The method of least squares is a statistical method for determining the best fit line for given data in the form of an equation such as \(y = mx + b.\) The regression line is the curve of the equation. The goal of this method is to minimise the sum of squared errors as much as possible. This method is frequently used in data fitting, where the best fit result is supposed to reduce the sum of squared errors, which is defined as the difference between observed and fitted values. The sum of squared errors helps identify variation in observable data. The method of least squares analysis begins with a set of data points to be plotted on the graph of the \(XY\) plane.

Need for Least Square Method

Regression and evaluation make extensive use of the method of least squares. It is a conventional approach for the least square approximation of a set of equations with unknown variables than equations in the regression analysis procedure.

This method is used as a solution to minimise the sum of squares of all deviations each equation produces. It is commonly used in data fitting to reduce the sum of squared residuals of the discrepancies between the approximated and corresponding fitted values.

Line of Best Fit

The equation that gives the picture of the relationship between the data points is found in the line of best fit. It is calculated by the method of least squares. Computer software models that offer a summary of output values for analysis. The coefficients and summary output values explain the dependence of the variables being evaluated.

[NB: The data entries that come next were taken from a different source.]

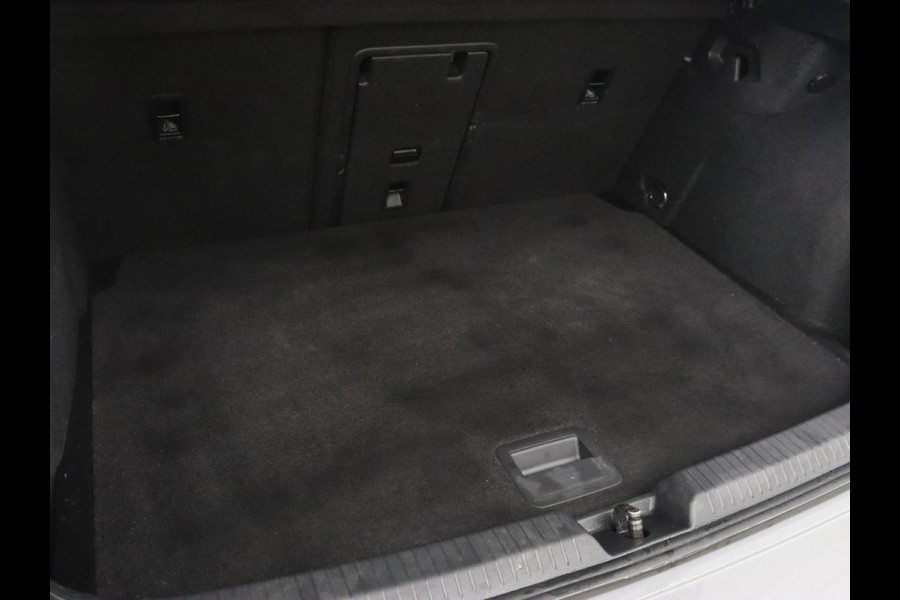 Volkswagen Golf 1.0 eTSI Life | Camera | Carplay | Navigatie | Sfeerverlichting | Parkeerhulp | Adaptive cruise | Digital Cockpit | Climate control | Bluetooth | Full LED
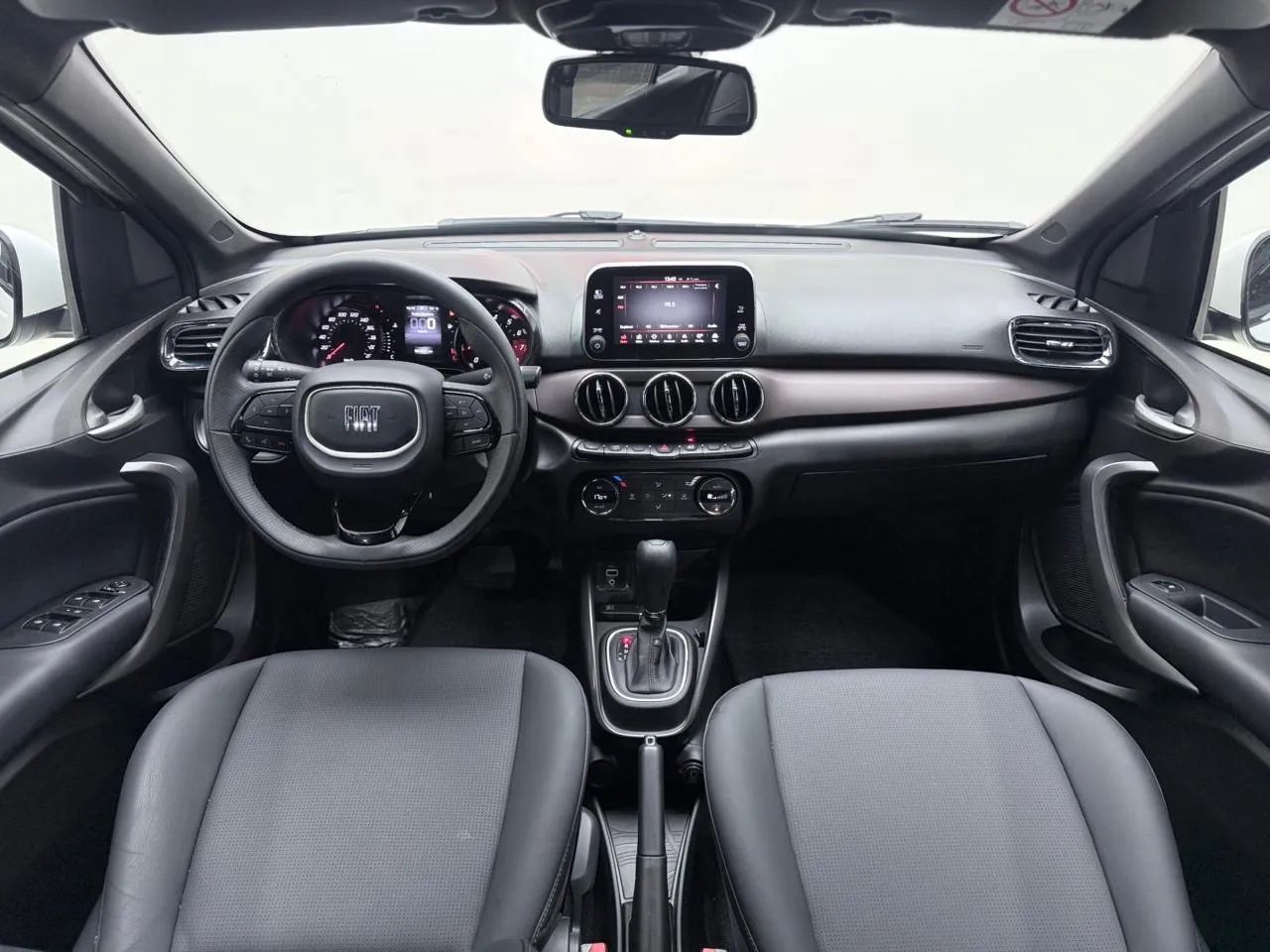 Fiat Cronos Precision 1.3 16V Flex Aut. 2025 - Foto 3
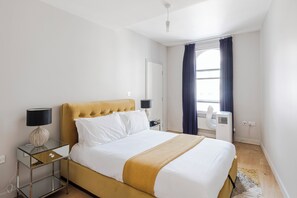 Apartment | 2 bedrooms, free WiFi, bed sheets - Immaculate 2-bed Apartment in Prime Central London (London)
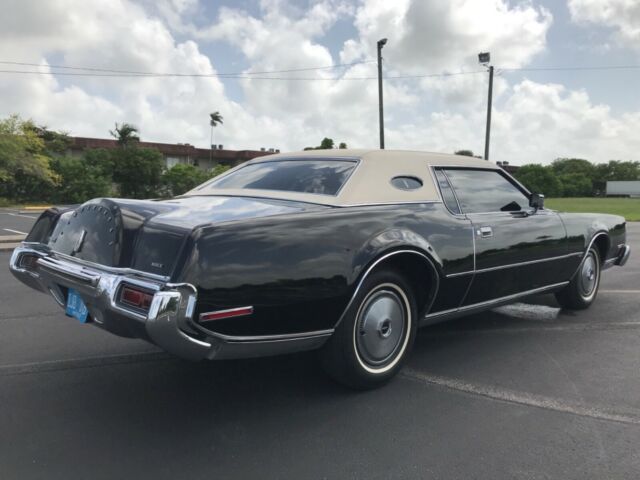 Lincoln Continental 1973 image number 22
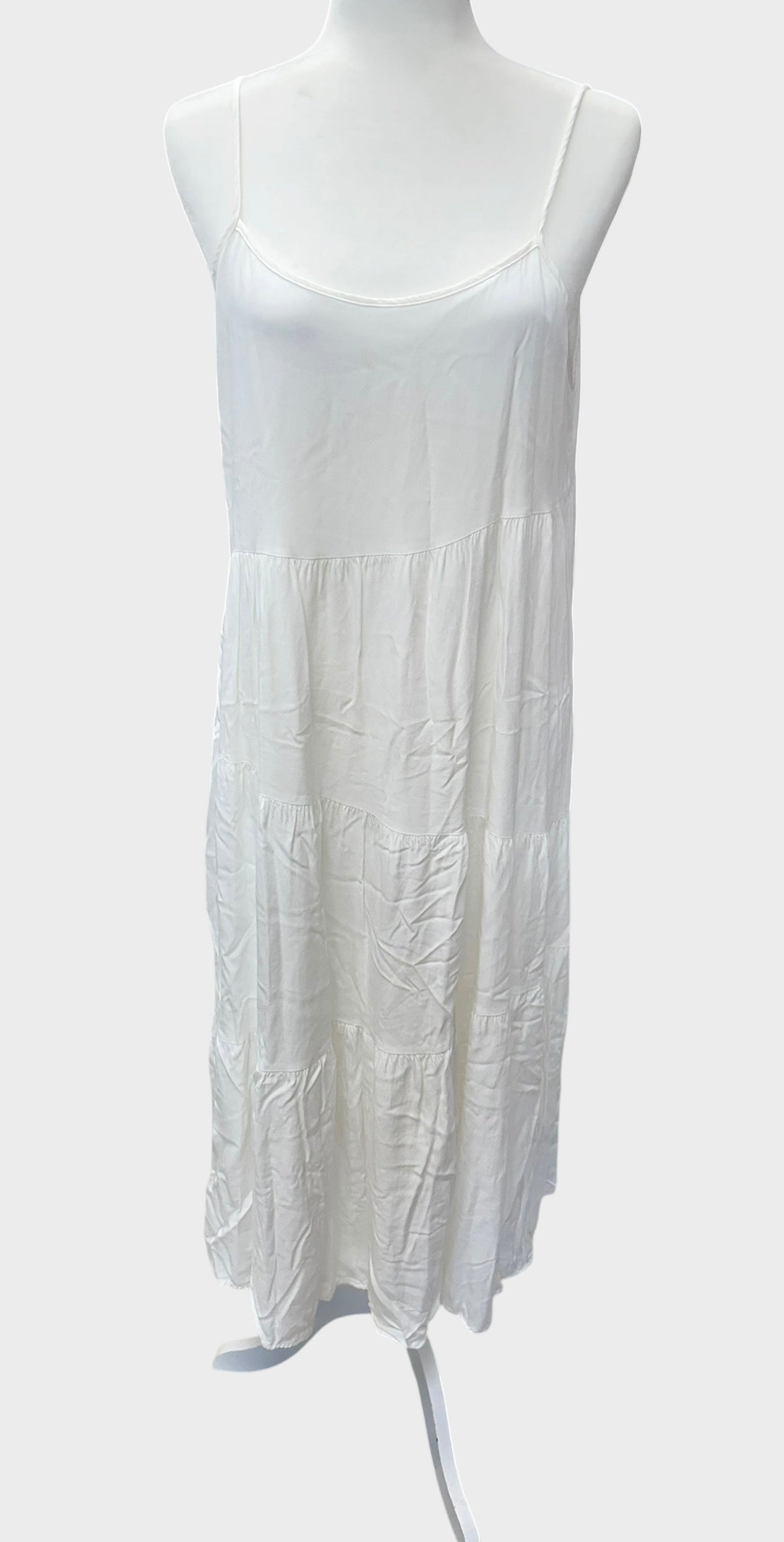 Women’s large white dress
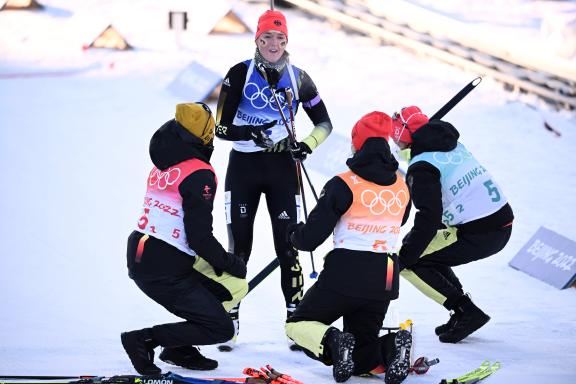 HERMANN Denise Team GER Staffel 3.Platz mit VOIGT Vanessa, HINZ Vanessa, PREUSS Franziska Biathlon Frauen Staffel am Mi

It can be used to identify the line of best-fit equations.

Least Squares Regression Line

A least squares regression line best fits a linear relationship between two variables by minimising the vertical distance between the data points and the regression line. Since it is the minimum value of the sum of squares of errors, it is also known as “variance,” and the term “least squares” is also used.

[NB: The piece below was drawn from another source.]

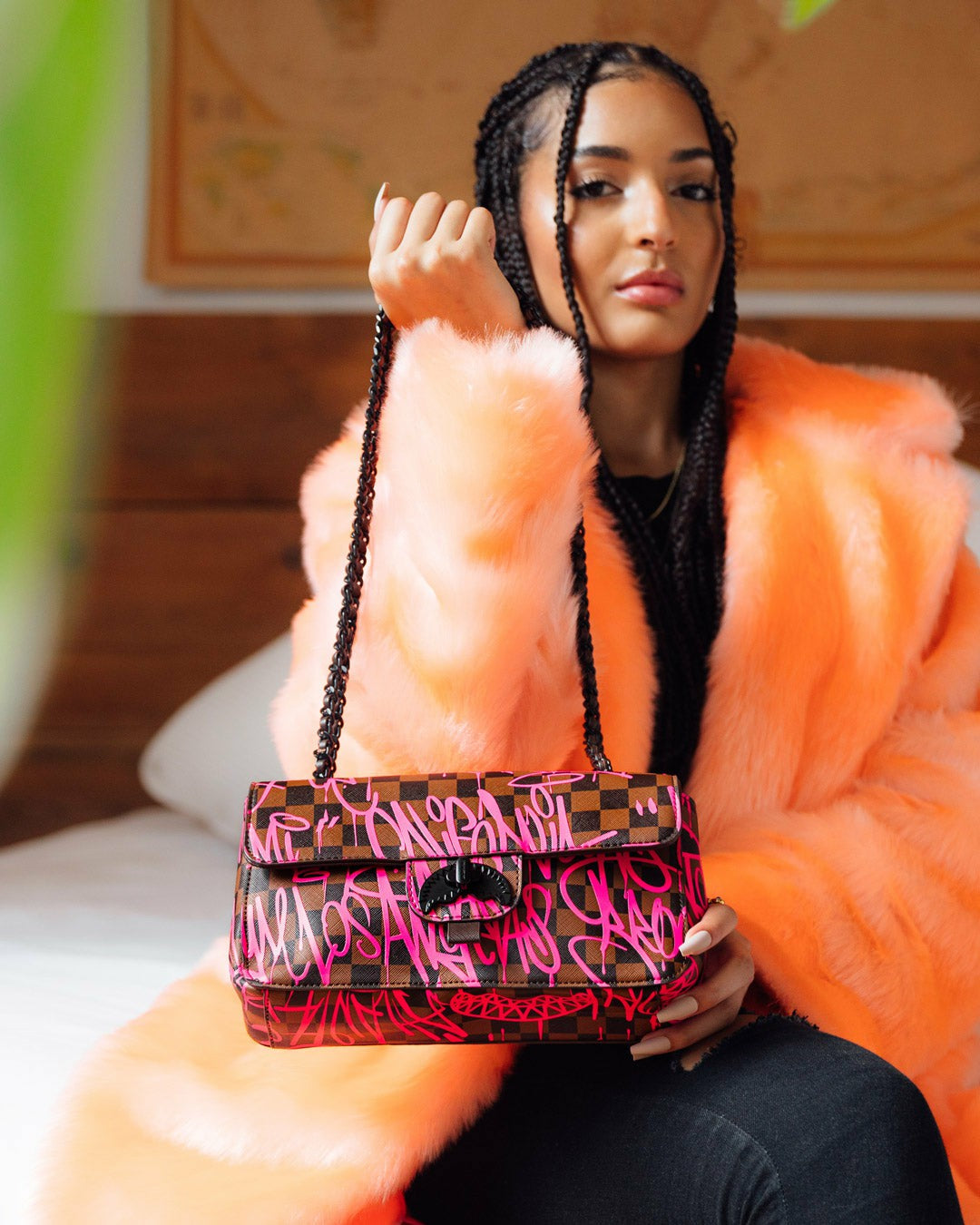 Sprayground - JETGRAPHIX SHARKCHAIN HANDBAG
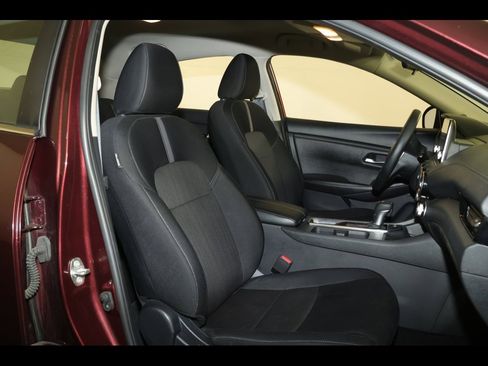 Used 2024 Nissan Sentra SV image 27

On the vertical \(y\)-axis, the dependent variables are plotted, while the independent variables are plotted on the horizontal \(x\)-axis.

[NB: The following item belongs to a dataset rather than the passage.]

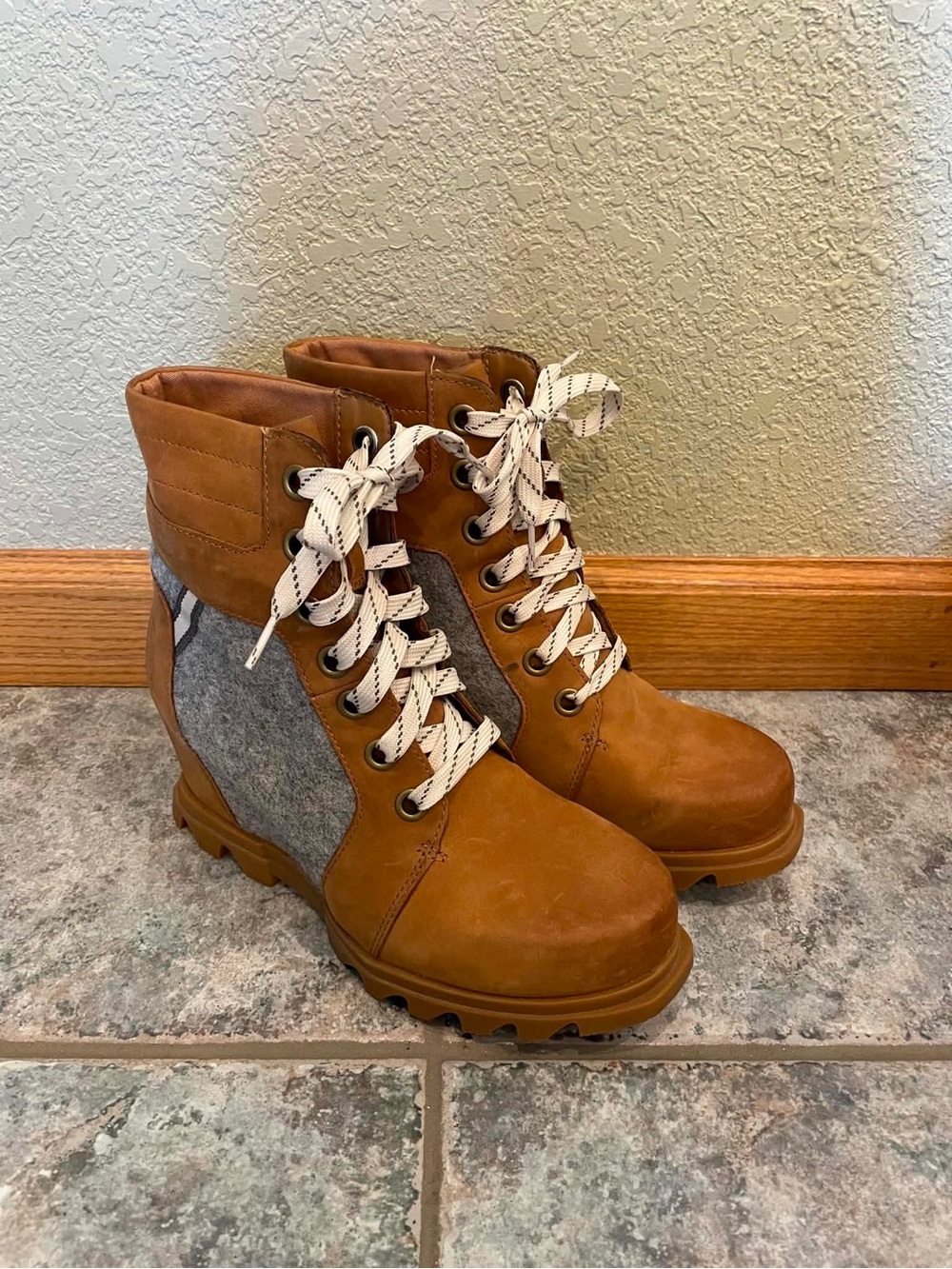 Sorel Women’s Lace-Up Joan of Arctic Wedge III Lexie Boots Brown Gray sz 8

Types of Method of Least Squares

The method of least squares problems is divided into two categories. Linear or ordinary least square method and non-linear least square method. These are further classified as ordinary least squares, weighted least squares, alternating least squares and partial least squares.

These are dependent on the residuals’ linearity or non-linearity. In statistics, linear problems are frequently encountered in regression analysis. Non-linear problems are commonly used in the iterative refinement method.

Method of Least Squares Graph

Taking a look at the graph below, the straight line indicates a possible relationship between the independent and dependent variables. This method aims to reduce the gap between the observed response and the regression line’s expected response. The model fits better if there are fewer residuals. This method reduces the residuals of each point from the line that must be used to minimise the data points. There are two types of residuals: vertical and perpendicular. Perpendicular is utilised in general, while vertical is employed largely in polynomials and hyperplane problems, as shown in the graphic below.

Line of Best Fit Equation

The line of best fits gives a set of observations with the least sum of squared residuals, or errors is known as the least-square technique. Assume the data points are \(\left( {{x_1},{x_2}} \right),\left( {{x_2},{y_2}} \right),\left( {{x_3},{y_3}} \right)……,\left( {{x_n},{y_n}} \right),\) with all \(x’s\) being independent variables and all \(y’s\) being dependent variables.
The linear line with the formula \(y = mx + b,\) where \(y\) and \(x\) are variables, \(m\) represents the slope, and \(b\) represents the \(y\)-intercept is found by using this method.
The following is the formula for calculating slope \(m\) and the value of \(b:\) \(m = \frac{{n\sum x y – \sum y \Sigma x}}{{n\sum {{x^2}} – {{\left( {\sum x } \right)}^2}}}\) \(b = \frac{{\sum y – m\sum x }}{n}\). Here, \(n\) is the data points number.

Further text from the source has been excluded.